## Task prompt:
Using only the entries below, copy exactly the lines that begin at the one with "Puff Baby Suit W Acc Rec. Mikk-line Brown" and end at the one with "Kadın Varak Desenli Gömlek 20253", both included. Drop the pictures.

## Records shown:
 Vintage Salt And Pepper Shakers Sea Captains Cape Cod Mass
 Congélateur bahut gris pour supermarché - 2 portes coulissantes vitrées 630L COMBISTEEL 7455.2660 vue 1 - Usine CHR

==

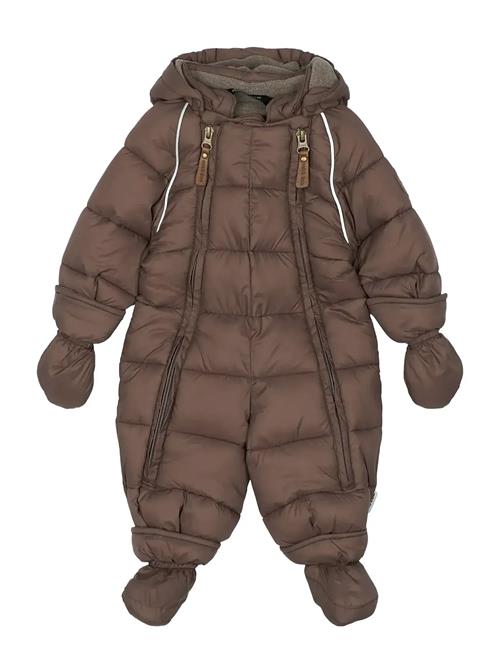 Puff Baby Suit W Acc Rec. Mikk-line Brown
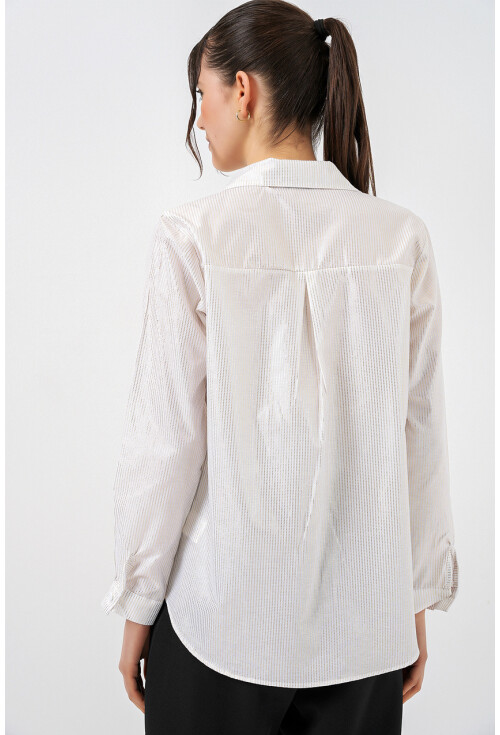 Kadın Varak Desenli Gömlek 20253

## Written response:
 Puff Baby Suit W Acc Rec. Mikk-line Brown
 Kadın Varak Desenli Gömlek 20253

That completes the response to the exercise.